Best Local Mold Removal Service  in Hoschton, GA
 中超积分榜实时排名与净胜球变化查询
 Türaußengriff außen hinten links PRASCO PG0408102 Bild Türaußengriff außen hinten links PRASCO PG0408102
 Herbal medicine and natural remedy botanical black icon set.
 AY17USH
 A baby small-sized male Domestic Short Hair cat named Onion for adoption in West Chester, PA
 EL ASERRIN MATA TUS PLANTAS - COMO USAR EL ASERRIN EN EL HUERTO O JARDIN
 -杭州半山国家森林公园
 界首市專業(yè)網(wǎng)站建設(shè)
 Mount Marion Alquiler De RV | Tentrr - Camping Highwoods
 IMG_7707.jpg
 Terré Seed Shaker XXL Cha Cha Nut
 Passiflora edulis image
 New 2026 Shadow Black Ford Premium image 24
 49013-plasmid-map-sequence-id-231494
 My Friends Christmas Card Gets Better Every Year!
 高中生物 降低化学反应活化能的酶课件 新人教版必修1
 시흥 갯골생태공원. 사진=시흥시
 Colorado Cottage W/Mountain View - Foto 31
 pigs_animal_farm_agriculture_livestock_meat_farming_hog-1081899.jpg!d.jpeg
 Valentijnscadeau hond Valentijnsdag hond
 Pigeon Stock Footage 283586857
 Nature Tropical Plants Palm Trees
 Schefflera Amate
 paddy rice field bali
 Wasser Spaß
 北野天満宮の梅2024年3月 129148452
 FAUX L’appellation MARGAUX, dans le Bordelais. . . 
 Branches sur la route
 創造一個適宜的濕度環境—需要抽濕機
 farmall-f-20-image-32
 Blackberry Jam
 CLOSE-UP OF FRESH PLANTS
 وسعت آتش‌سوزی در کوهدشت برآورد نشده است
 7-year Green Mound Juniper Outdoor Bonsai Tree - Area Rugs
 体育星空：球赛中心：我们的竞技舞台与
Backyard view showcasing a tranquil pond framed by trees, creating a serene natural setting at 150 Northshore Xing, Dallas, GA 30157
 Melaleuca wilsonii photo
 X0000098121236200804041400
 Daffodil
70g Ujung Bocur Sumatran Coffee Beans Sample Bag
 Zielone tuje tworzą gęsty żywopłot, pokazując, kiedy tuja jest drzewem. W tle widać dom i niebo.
++++++
Work instructions =>
Wherever the string "image" occurs in the entries, copy that whole line.

Result of this exercise =>
 Passiflora edulis image
 New 2026 Shadow Black Ford Premium image 24
 farmall-f-20-image-32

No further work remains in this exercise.